The development of a gold standard is a difficult task. The ideal gold standard contains all positive relationships and negative relationships, but if all relationships are known there is little purpose to the integration of genome-scale data. In biological systems we are more often faced by the challenging situation of limited knowledge. In this situation, it is critical that the gold standard be of high quality, meaning that relationships listed as positive must be truly positive and relationships listed as negatives truly not be relationships. In the work we have been discussing, the gold standard was derived from the GO biological process ontology, but other methods have used sources such as cellular localization data [53-54, 60-61]. While these methods have generated promising results, the various gold standards can lead to very different findings [59]. Myers et al. [59] discuss the development of a gold standard that combines the GO biological process ontology with expert evaluation to create gold standards that address these issues.

2. Comparison of Databases and Data Driven Integration

There are a number of differing approaches to bringing systems level information to bear on biological problems. We discuss two database approaches, and compare these to data driven integration methods.

D. Databases of Interactions

The first approach centers on databases of interactions. There are numerous databases including the Database of Interacting Proteins (DIP) [37], the Mamalian Protein-Protein Interaction database (MIPS) [62], and the Biomolecular Interaction Network Database (BIND) [63]. Each of these databases collects various types of interactions from published work and datasets and makes them available to users through an interface. It is possible to use annotations in each of these to build networks of interactions, which some databases make available. These networks represent various types of interactions and thus an analysis of these networks requires a strong understanding of the underlying links. These databases provide information about what protein-protein links are currently known. By providing convenient access to known relationships, these databases can often facilitate knowledge driven hypothesis generation.

E. Functional Databases

In addition to databases of interactions, there are also functional databases such as DAVID [64-65]. These databases are often used to turn high throughput results into a systems level picture of what processes may be altered in the experimental condition. DAVID provides tools to discover KEGG, GO, and other annotations that are overrepresented in a subset of genes of interest when compared to the experiment as a whole. DAVID is frequently updated and provides a user-friendly interface for researchers. DAVID uses current annotations to suggest functions of interest to researchers. In this way, DAVID allows for data driven hypothesis generation, but it is used to analyze results from individual high throughput experiments. It is also worth noting that DAVID highlights a process of interest but, in contrast to the Bayesian integration approach, does not provide specific predictions of functional relationships between genes.

Some functional databases combine this technique with databases of interactions to build pathway databases.
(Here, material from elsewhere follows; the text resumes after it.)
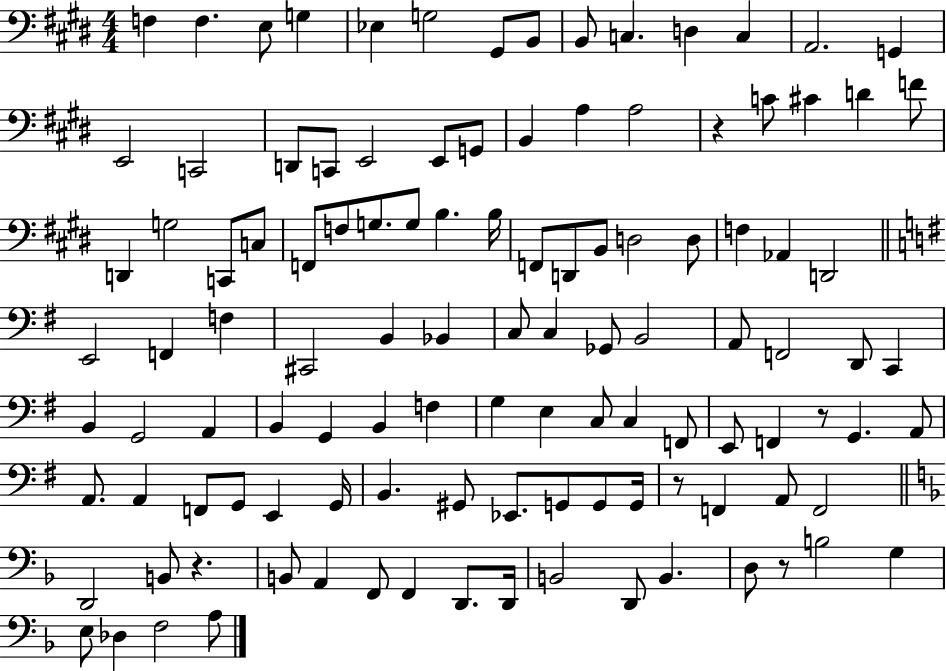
F3/q F3/q. E3/e G3/q Eb3/q G3/h G#2/e B2/e B2/e C3/q. D3/q C3/q A2/h. G2/q E2/h C2/h D2/e C2/e E2/h E2/e G2/e B2/q A3/q A3/h R/q C4/e C#4/q D4/q F4/e D2/q G3/h C2/e C3/e F2/e F3/e G3/e. G3/e B3/q. B3/s F2/e D2/e B2/e D3/h D3/e F3/q Ab2/q D2/h E2/h F2/q F3/q C#2/h B2/q Bb2/q C3/e C3/q Gb2/e B2/h A2/e F2/h D2/e C2/q B2/q G2/h A2/q B2/q G2/q B2/q F3/q G3/q E3/q C3/e C3/q F2/e E2/e F2/q R/e G2/q. A2/e A2/e. A2/q F2/e G2/e E2/q G2/s B2/q. G#2/e Eb2/e. G2/e G2/e G2/s R/e F2/q A2/e F2/h D2/h B2/e R/q. B2/e A2/q F2/e F2/q D2/e. D2/s B2/h D2/e B2/q. D3/e R/e B3/h G3/q E3/e Db3/q F3/h A3/e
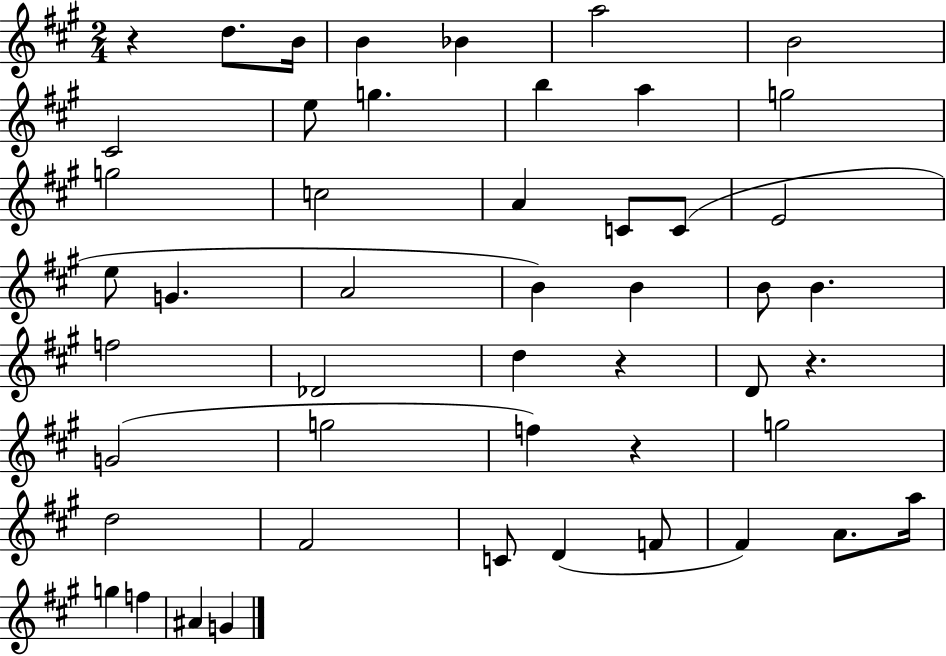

These tools allow investigators to put new discoveries into the context of existing knowledge. Many use human curation to annotate gene-gene relationships that are then put into pathways. One example of such a tool is Pathway Studio from Ariadne Genomics [66]. In some cases these tools may mine medical literature to make apparent relationships which can be learned from published literature but which may not have been explicitly stated [67]. These tools employ prior biological knowledge from publications to place discoveries into a systems context and are also often used to make sense of findings from high throughput methods. The results provided are similar to results from DAVID (e.g. that a specific pathway is likely to be of interest) but these tools also provide a user-friendly interface to see how up and down-regulated genes fit into pathways of interest. These tools show gene-gene relationships that are known, but do not predict new relationships of interest.

F. Comparison of Data Driven Discovery and Databases

The Bayesian integration method we describe is a distinct approach for developing new insight into biological systems. This method uses high throughput datasets to predict new relationships of interest for experimental testing instead of putting experimental results into the context of currently known relationships. This strategy has previously been used to direct experimental biology in yeast [47, 68]. Furthermore these results can be used iteratively, where discoveries from one round of prediction are used to predict the involvement of genes that may have initially been missed.

The difference between the knowledge gained integrative and data driven approaches and the knowledge stored in databases like DIP, MIPS, and the relationships stored in pathway databases is that the integrative approach is data driven discovery while these databases perform information summary. This approach is distinct from functional analysis tools like DAVID because it provides new predictions of relationships between genes. Furthermore, these databases are limited to hypotheses addressed in experiments from which entries are derived. The data integration method is not constrained by this limitation and indeed can and often should include databases as raw input to the knowledge discovery process.

3. Context Specific Data Integration

Often a global prediction of functional relationships is not as useful as a context specific prediction [69]. Knowing that genes i and j have a functional relationship in humans could be informative, but knowing specifically that these genes interact in a context, Cm, would be much more informative from an experimental design standpoint. In addition, certain data types are better able to capture specific biological processes of interest than others.

The HEFalMP approach discussed earlier is also capable of producing context specific networks. The contexts in this case, consist of 229 GO biological process categories thought, by biologists, to be sufficiently informative to direct experiments. The functional networks from the integration were used to predict six genes with a role in macroautophagy, five of which were then experimentally shown to play a role through siRNA knockdowns.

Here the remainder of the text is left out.